Back in March, during our Foy game, we got to talking ’bout some Arnhem. A quick lookup turned up that the anniversary of Market Garden actually lined up with our regular gaming slot in September, with the actual day being the anniversary of Operation Berlin (aka: the evacuation ending the endeavor). With six months lead-time, surely we could do a big Market Garden game by then, right?
Fortunately, we very quickly scaled back our plans from a series of linked games covering the high points of the Operation from start to finish down to ‘simply’ doing Frost’s attempt to hold onto the bridge in Arnhem. This was the right call.
Steve, who knows a lot more about this than I do (I’ve watched A Bridge Too Far, and have read the book on which it’s based, but that’s about it), did all the planning, John already had the Germans painted, and did all of the table, which is (as you’ll see) amazing. I painted up the British paras.
There was an online, pre-game component where the British and German teams determined how they would deploy and maneuver.
Although the Germans responded the same way they did historically, the British did things a little differently, which resulted in 1) Frost not even getting to the bridge and 2) the British that did needing to defend it from the town and across the river.
(Would you just look at this table?)
I ended up on the German team. Because we assumed they would concentrate their forces on the buildings overlooking the bridge, the plan was to advance through the buildings on the East side of the causeway, ensuring they were clear and approaching under cover.
That didn’t last long. It turned out the British were riddled throughout the those houses. Assaulting in Bolt Action 1E is decisive, and my rolling wasn’t so hot, so I lost 2 out of 3 assaults, which wiped out my infantry units pretty much by the very beginning, leaving me with a tank and not much else.
That’s the silver lining of playing Germans in WWII: when you’re winning, you’re winning.
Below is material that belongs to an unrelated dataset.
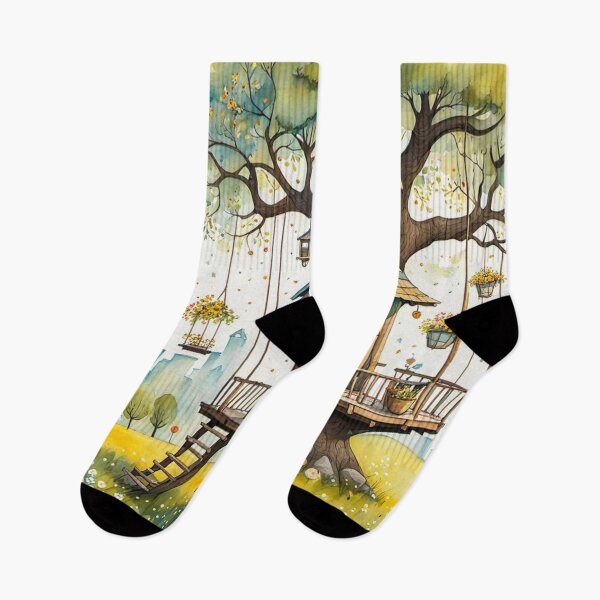 Item preview, The Hideout Cute Fantasy Wooden Tree House in the Meadow With Spring Flowers and Dandelions Garden - Whimsical Illustration designed and sold by MyArt23.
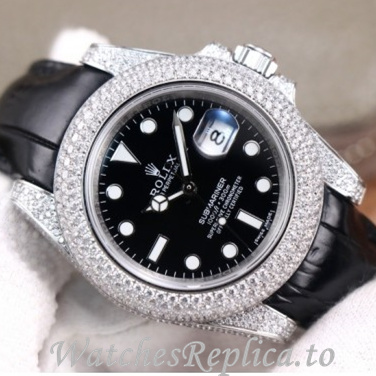 Swiss Rolex Submariner Replica Leather strap 40MM - WatchesReplica.is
When you’re losing, the Germans are losing, and that means all is right with the world.
We had a tough time pushing up that flank: both because the BA building rules, which are normally Good Enough, are especially punishing when there’s basically nothing but buildings. Needing to go room-to-room is entirely on point here, but I think we need to tweak things a bit somewhere here.
Eventually, the models I painted deigned to leave cover, which let me get some photos of them in action:
(I’m particularly pleased with that first image in the post. How cool is that?)
We eventually got near enough to the buildings around the bridge, which meant the PIATs opened up. I did have one, brief, shining moment of usefulness when a PIAT from the top floor of one of the buildings fired on a tank: my tank returned fire and handily returned fire, killing everyone in the top floor.
At the end of the game, though, the German progress was too slow: of the six buildings around the bridge, the Germans had taken/cleared two of them, and the British still occupied four. All pretty much agreed that the British had won the game.